One of the main goals of the project was using graph-based techniques to approach problems related to lexical storage and organization. Contrary to our initial idea, a non-labeled graph has been used in order to simulate the working of human connections with words. The Wikipedia abstracts and the British National Corpus have been used as corpora to design the network. A co-occurrence network generates a lot of noise with the function words (hence, secondary information) as main hubs. This has led us to design graphs containing only (Verbs), Nouns, and Adjectives, and to consider only the shortest distance, 1, immediate neighbors.
Next, some navigation and dynamization techniques have been implemented, using mainly neighborhood algorithms, and very simple implementation of the rules. Starting from some clues, the user should be able to find a target word (ie, a word that he cannot access). The weights of the arcs have been taken into account in order to rank the resultant nodes.

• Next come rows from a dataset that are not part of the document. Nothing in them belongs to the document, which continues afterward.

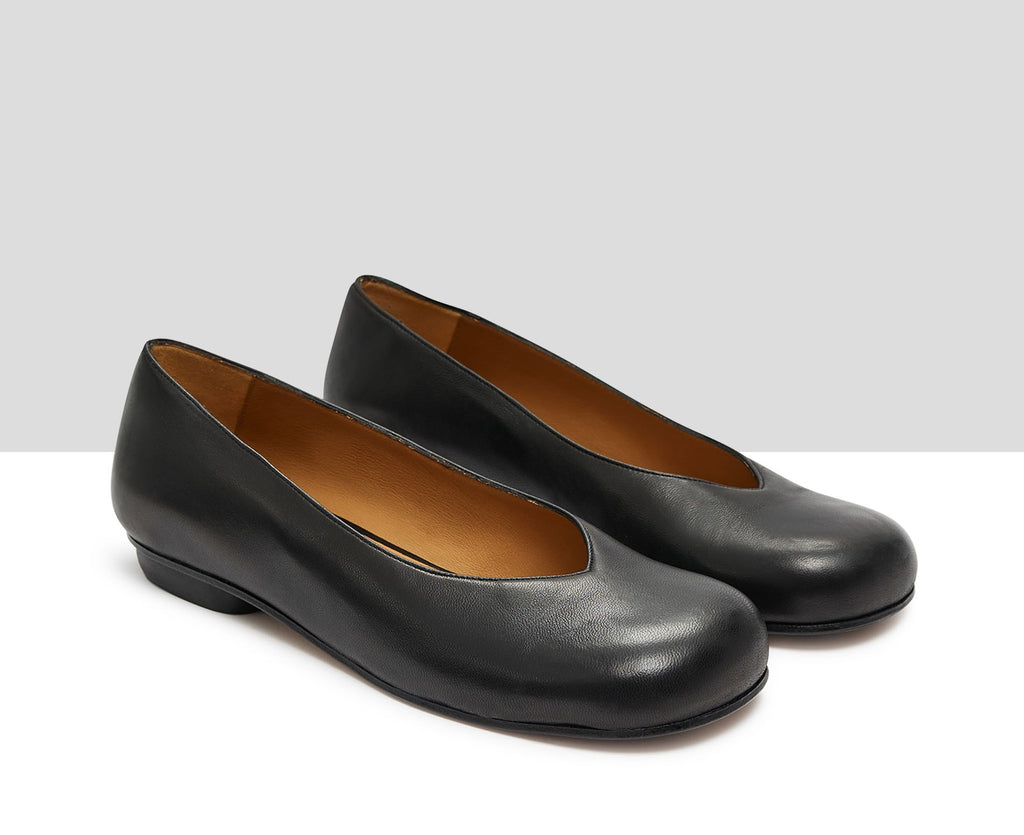 Women's leather shoe with a low heel. Kia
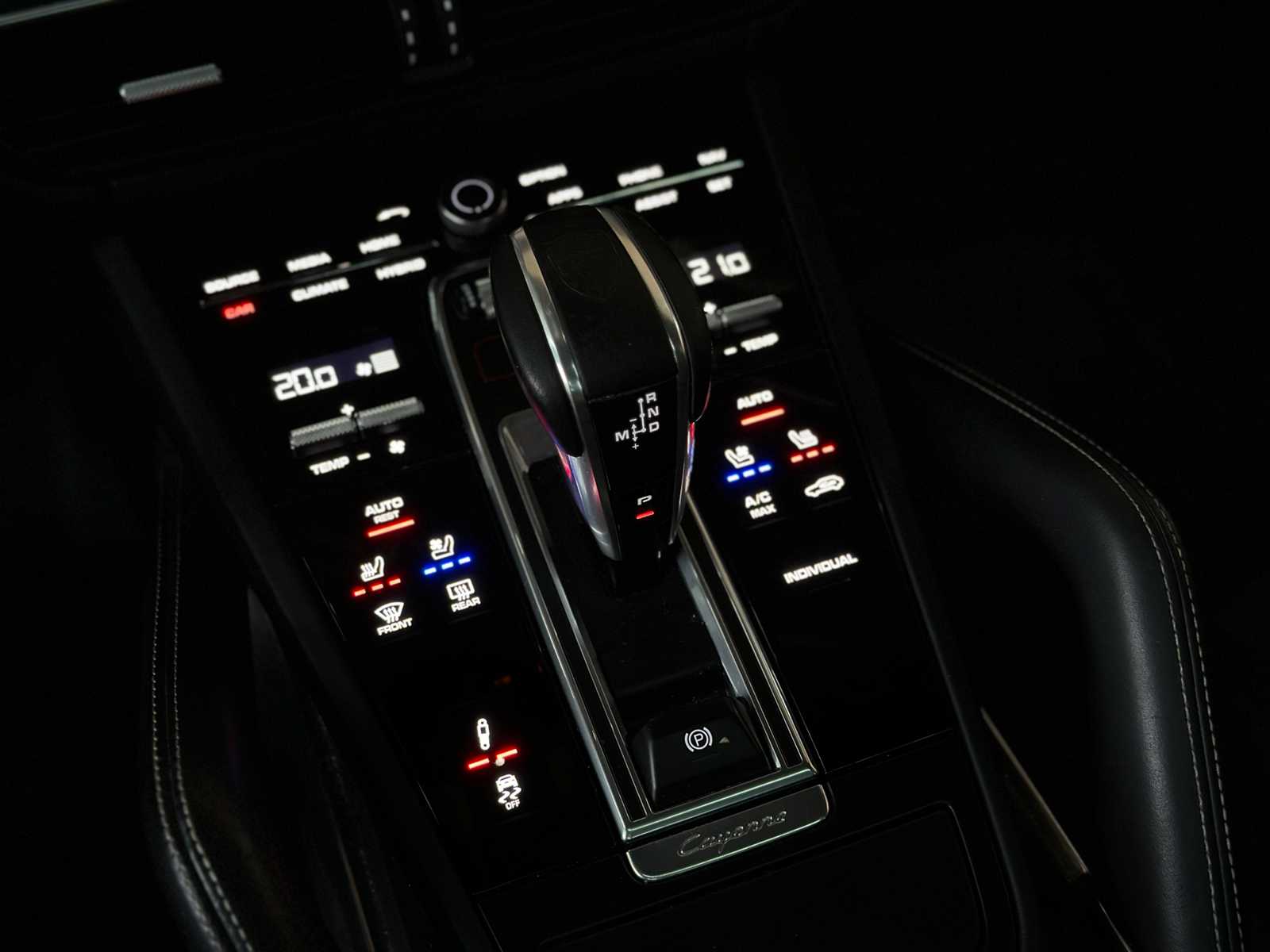 Porsche Cayenne Coupe Turbo S E-Hybrid 4.0 V8 -TECHART CARBON- 680pk 2020 (Origineel-NL), J-707-RT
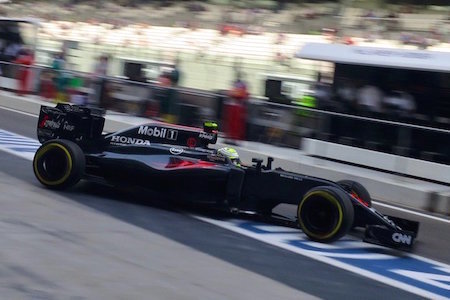 【P1速報】バトン最後のレースへ　王者争いの先手は？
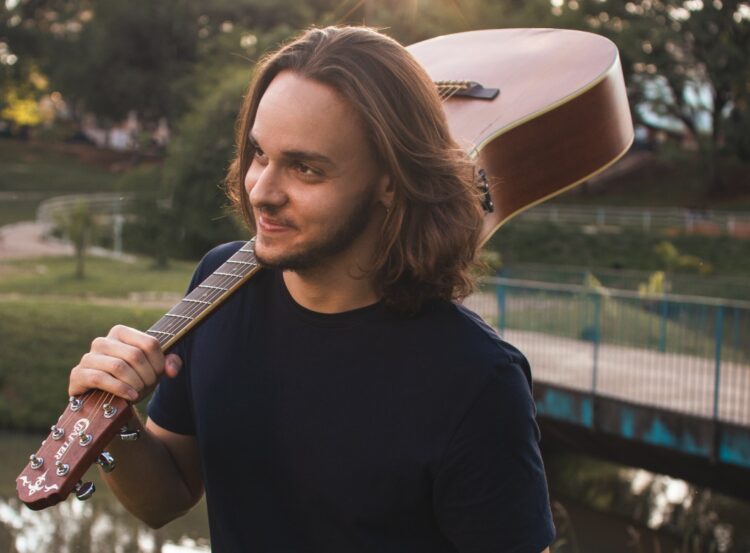 Filipe Volpi lança o novo single “O mundo acaba amanhã”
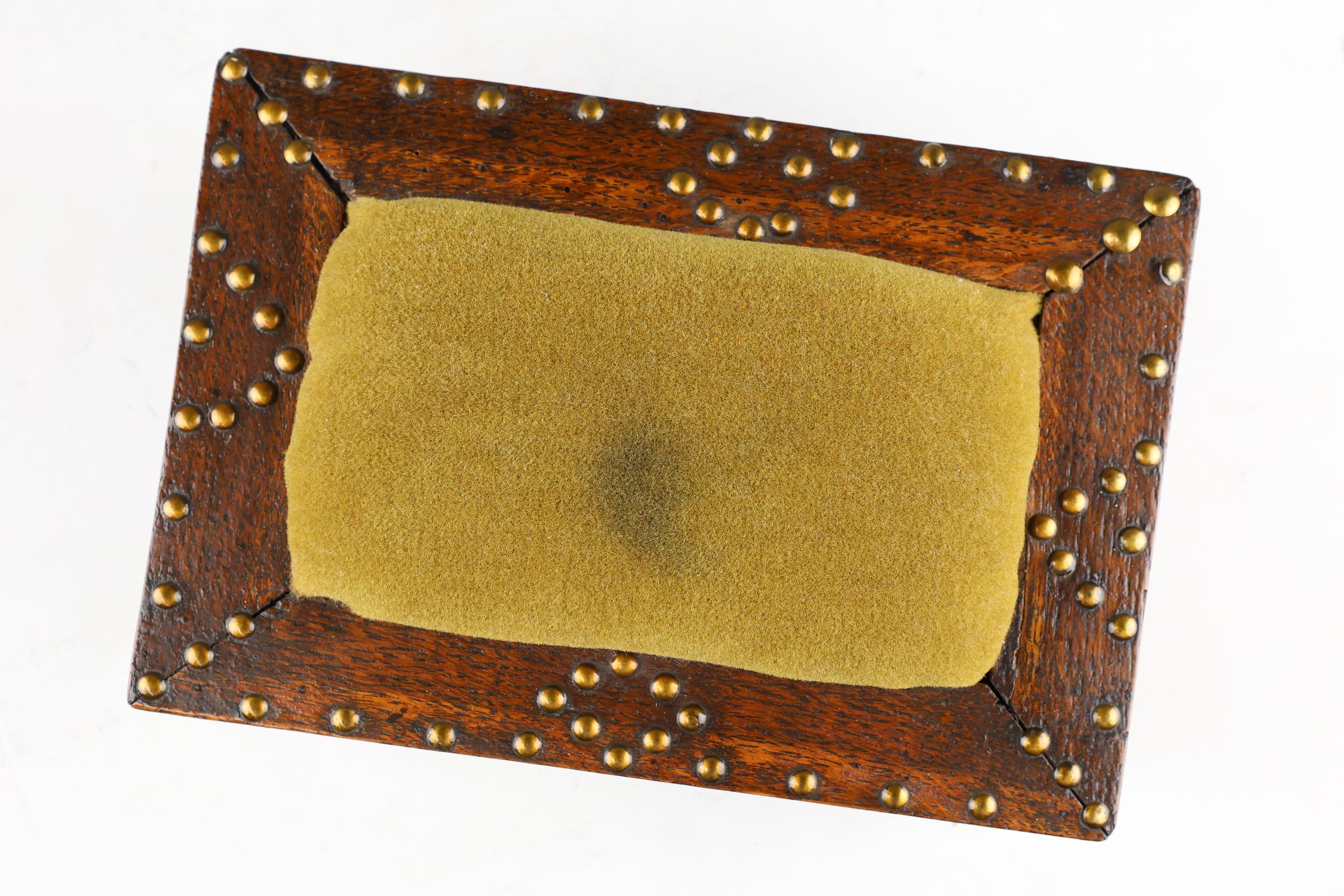 Costurero francés Art Déco en madera esculpida, ca. 1900 Tela en venta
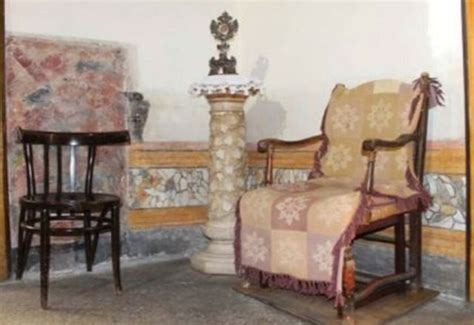La sedia della fertilità nella chiesa di Santa Maria Francesca a Napoli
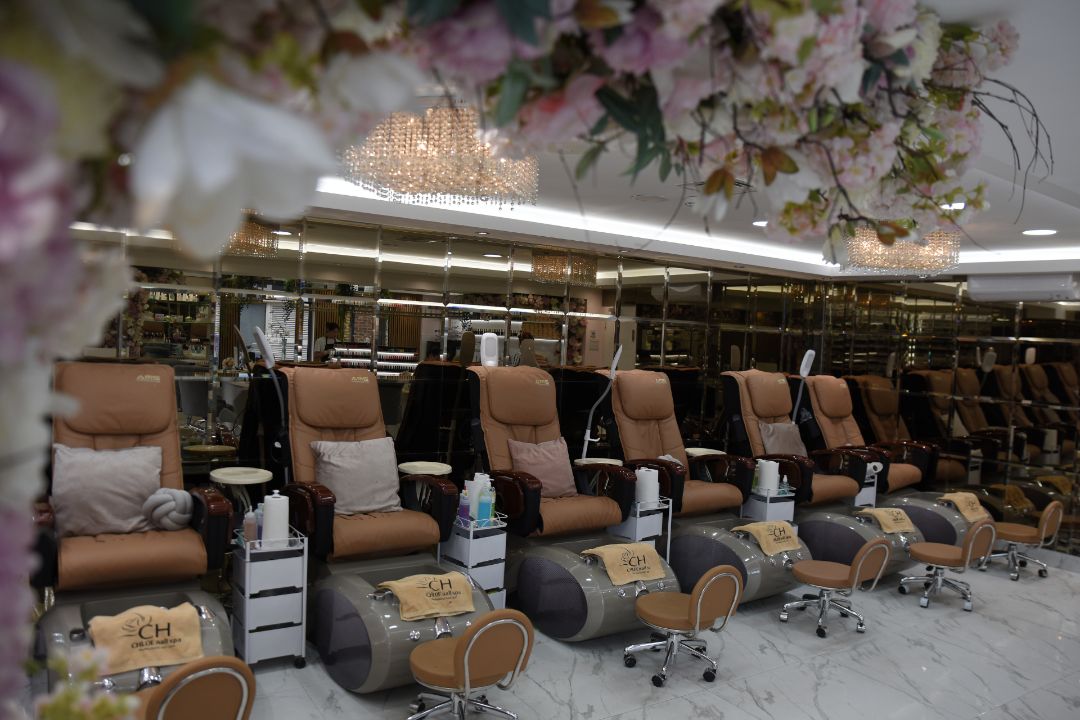 Chloe Nail Spa Nail Salon in Egerton Gardens, London Treatwell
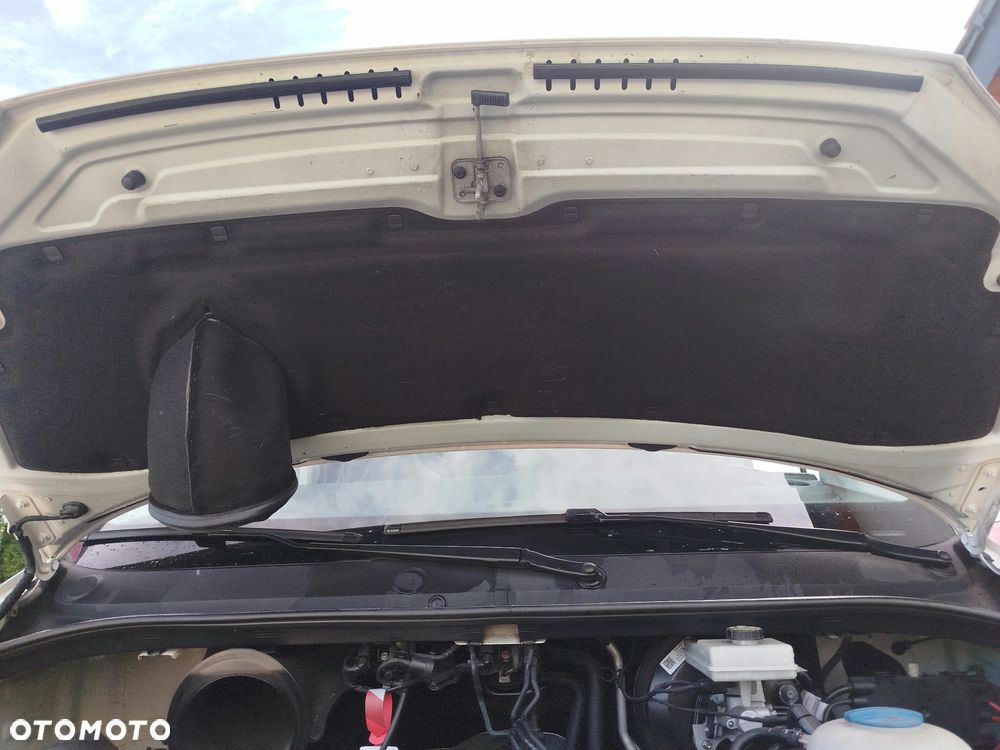Volkswagen CRAFTER - 16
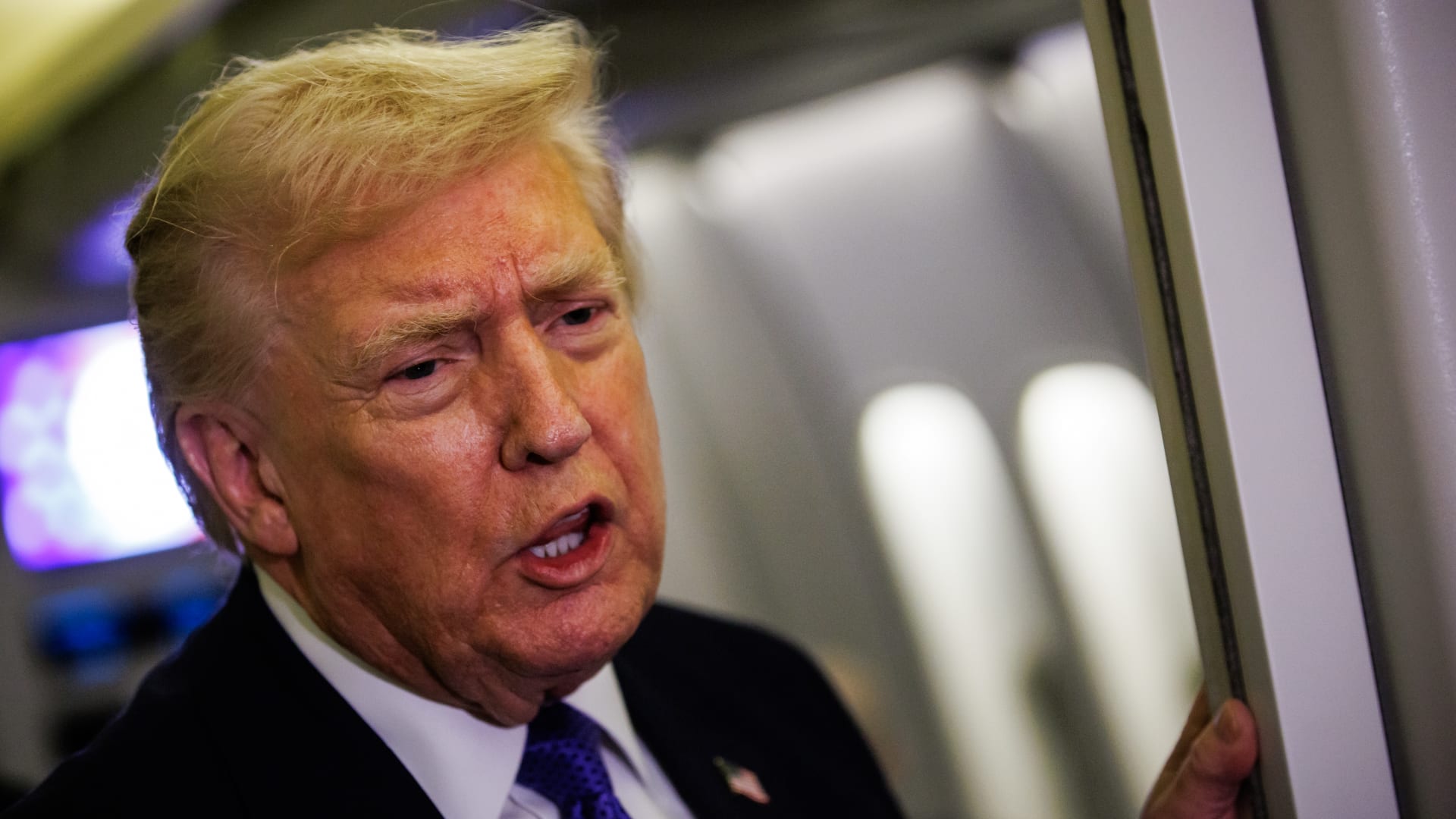 "لم أرتكب خطأً".. ترامب يرد على فيديو عنصري نشره عن أوباما وزوجته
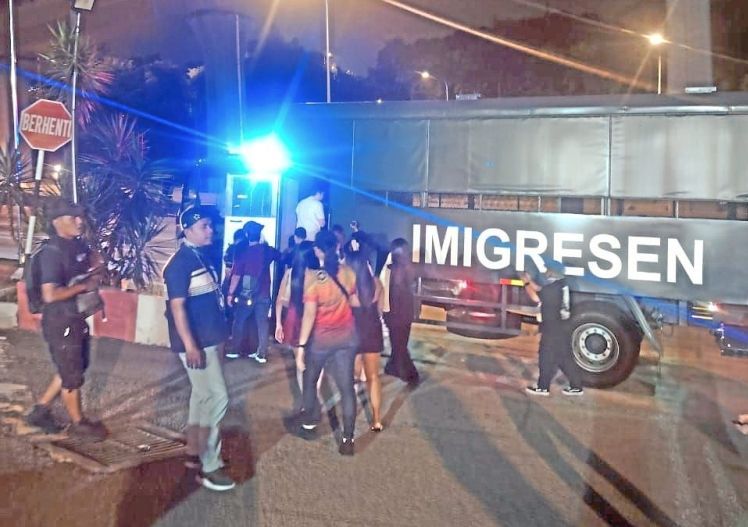 KTV and vice hotel raided in Cheras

We have tested the system comparing our best-ranked words with the primary responses retrieved by humans in the Edinburgh Association Thesaurus (EAT). Even though the results have been quite good, they could be improved with respect to matching our first word with the one given by the EAT.
In order to improve the performance of the system, a clustering algorithm has been developed, based on the WordNet synsets. Even though, at the time of closing the project, the results with clustered graphs are in progress and have not been published yet.
Unfortunately I was not able to reach the ‘online’ parameter of the last goal of the proposal: the design of an online interactive system to search the graphs with given clues. The reason for this lie in the impossibility to integrate Python in the dynamic web design. Also, I did not have the needed time to implement a Perl program able to do the same as the Python original.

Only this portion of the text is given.